Data extracted from a collection
────────

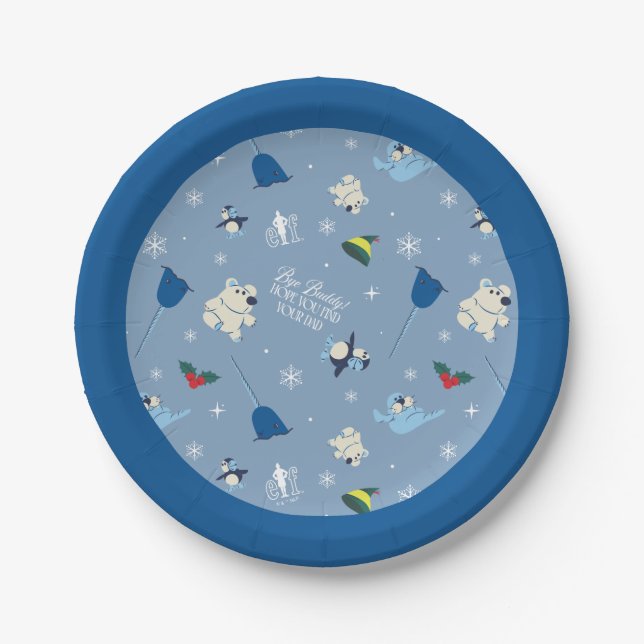 Animal Friends "Bye Buddy" Winter Pattern Paper Plates (Front)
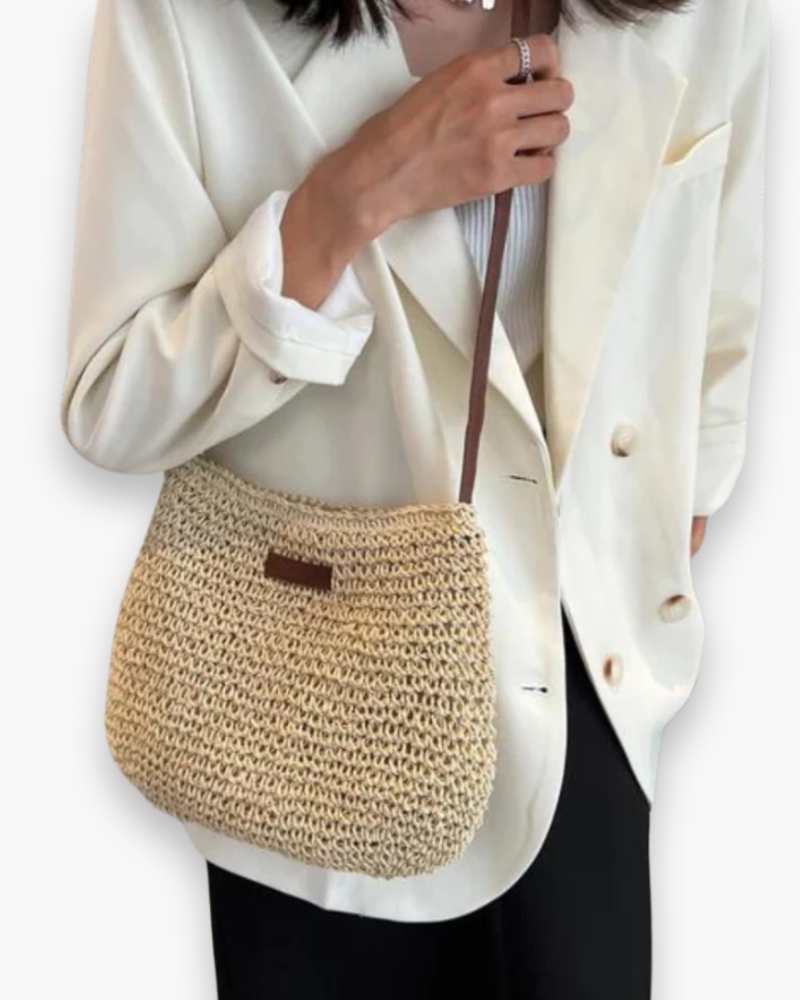 Sac épaule tissé pour femme, pratique et élégant. Mode féminine, accessoire quotidien et stylé.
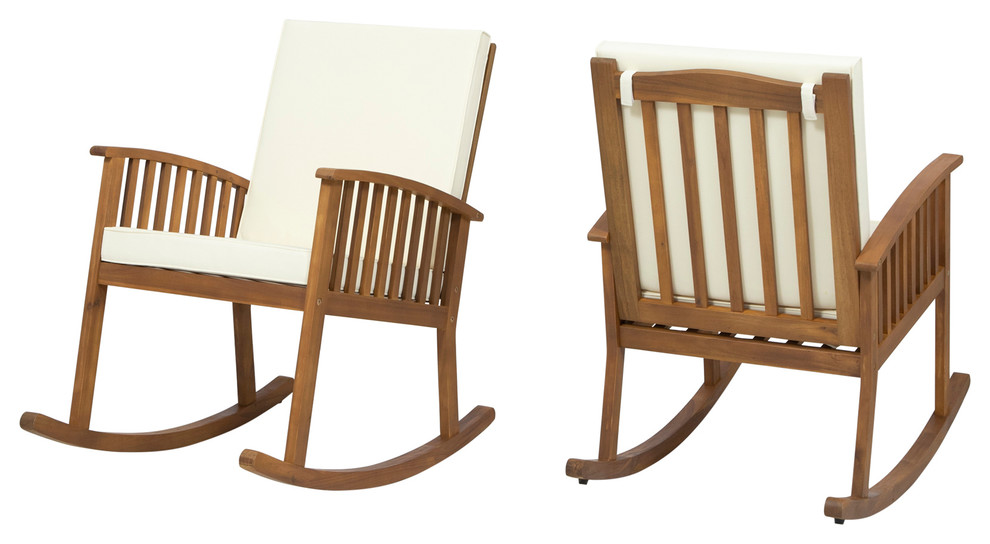 audrey outdoor acacia wood rocking chairs, set of 2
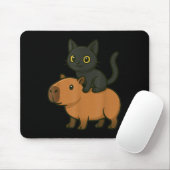 Funny Capybara Black Cat Tier Lover Mama Vater Kin Mousepad (Mit Mouse)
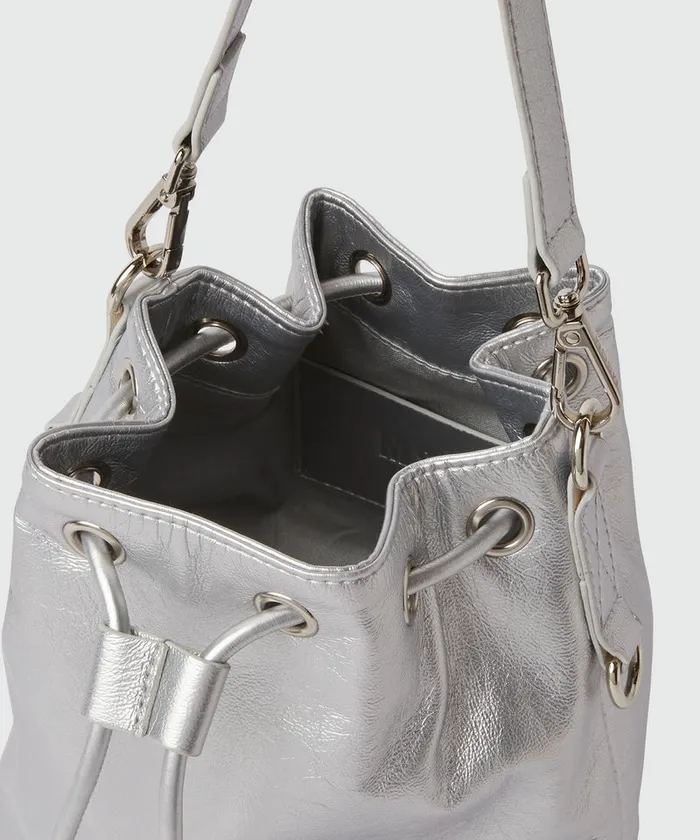 Laminated Crackle FauxLeather Bucket Bag Women MSGM Shoulder And Crossbody Bags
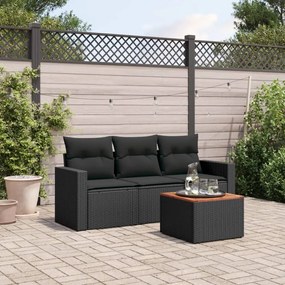 3223990 vidaXL Set mobilier de grădină cu perne, 4 piese, negru, poliratan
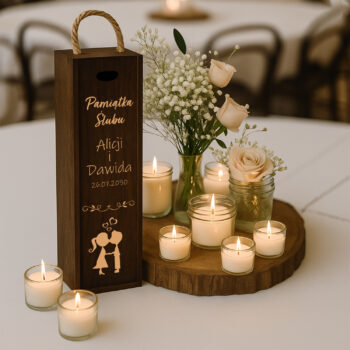 leganckie pudełko na wino z nadrukiem ślubnym ustawione na stole obok świec i bukietu kwiatów.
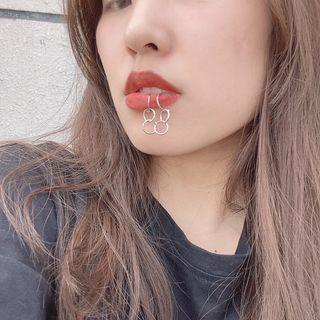 Hoop Lip Ring 0002 - Silver - One Size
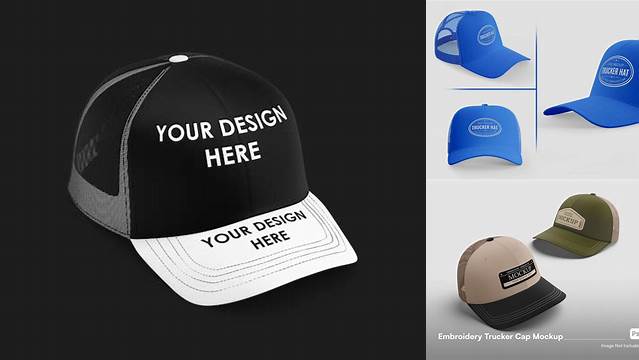 8604+ Trucker Cap PSD Mockup Side View Download Premium Free PSD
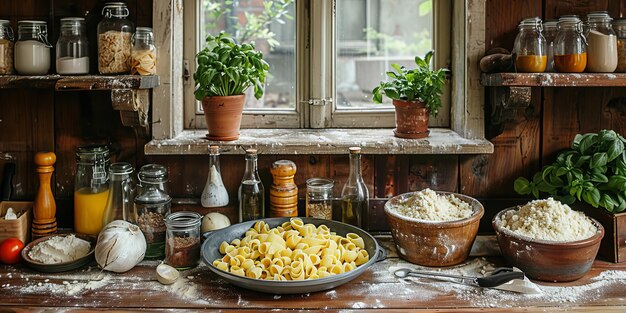 Foto klassieke pasta op de achtergrond van de keuken dieet en voedselconcept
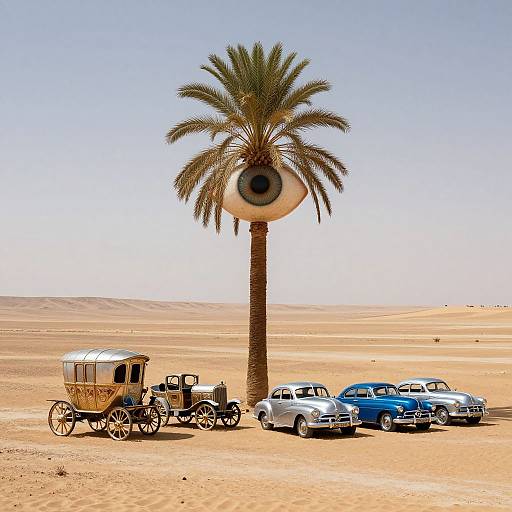 Photograph of a surreal desert scene: vintage horse-drawn carriage beside a palm tree with a camera lens, flanked by blue and silver cars.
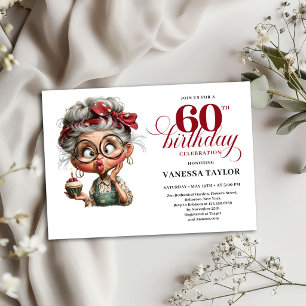 60th Birthday Invitation Card Funny Old Lady Humou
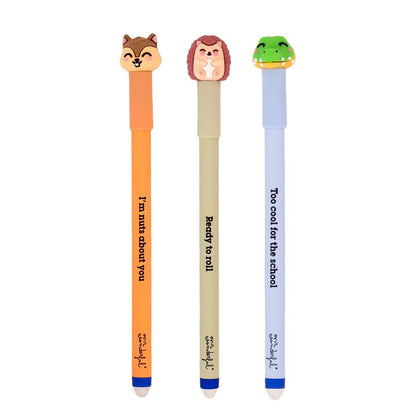 Set de 3 Esferográficas Apagáveis BO-BO – Esquilo, Ouriço e Crocodilo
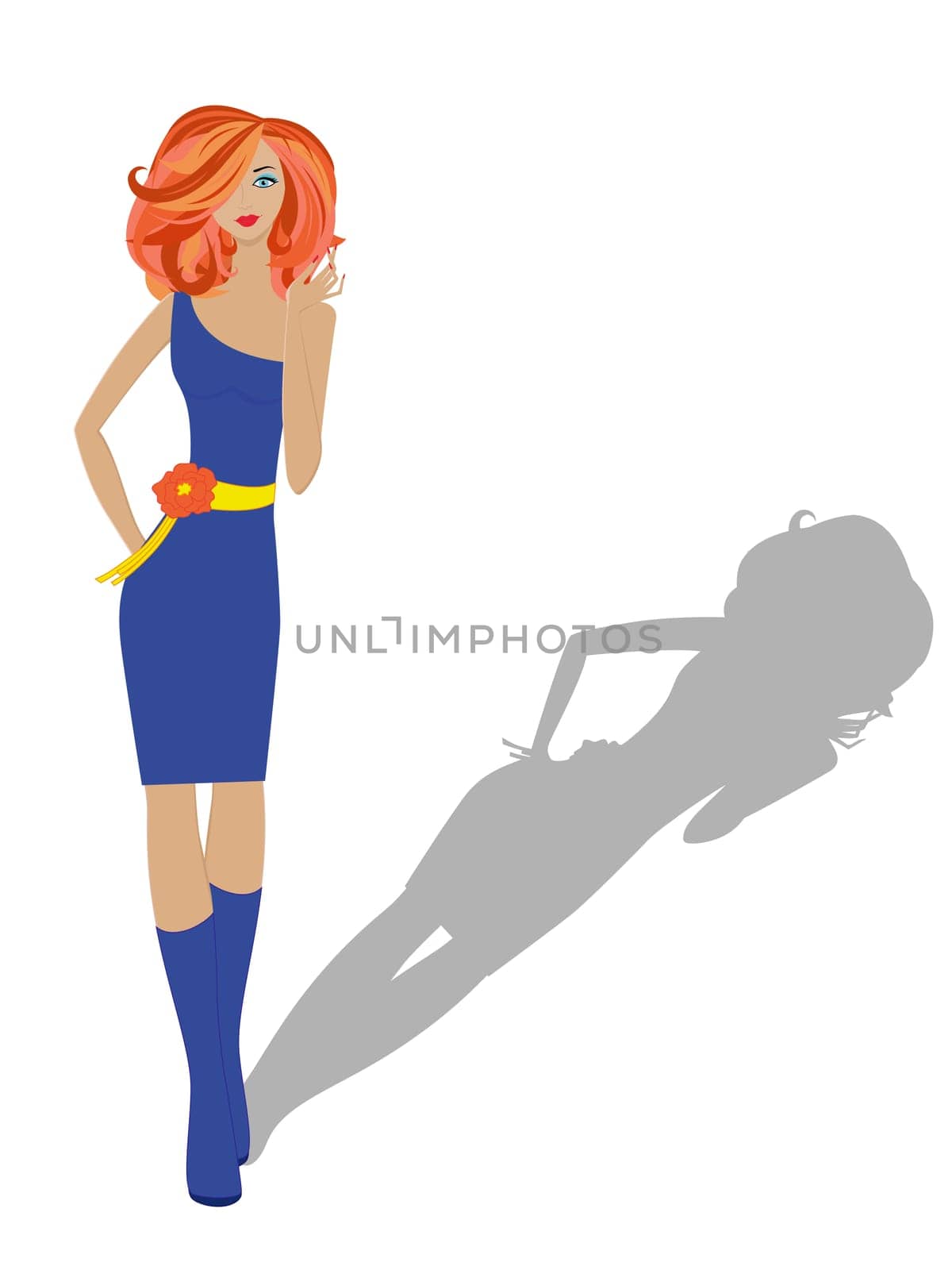 Fashion model represents new clothes, hand drawing vector illustration isolated on white background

────────

What the task requires:
Going through the records above line by line, transcribe each one exactly and skip any pictures.

Solution to this task:
 Animal Friends "Bye Buddy" Winter Pattern Paper Plates (Front)
 Sac épaule tissé pour femme, pratique et élégant. Mode féminine, accessoire quotidien et stylé.
 audrey outdoor acacia wood rocking chairs, set of 2
 Funny Capybara Black Cat Tier Lover Mama Vater Kin Mousepad (Mit Mouse)
 Laminated Crackle FauxLeather Bucket Bag Women MSGM Shoulder And Crossbody Bags
 3223990 vidaXL Set mobilier de grădină cu perne, 4 piese, negru, poliratan
 leganckie pudełko na wino z nadrukiem ślubnym ustawione na stole obok świec i bukietu kwiatów.
 Hoop Lip Ring 0002 - Silver - One Size
 8604+ Trucker Cap PSD Mockup Side View Download Premium Free PSD
 Foto klassieke pasta op de achtergrond van de keuken dieet en voedselconcept
 Photograph of a surreal desert scene: vintage horse-drawn carriage beside a palm tree with a camera lens, flanked by blue and silver cars.
 60th Birthday Invitation Card Funny Old Lady Humou
 Set de 3 Esferográficas Apagáveis BO-BO – Esquilo, Ouriço e Crocodilo
 Fashion model represents new clothes, hand drawing vector illustration isolated on white background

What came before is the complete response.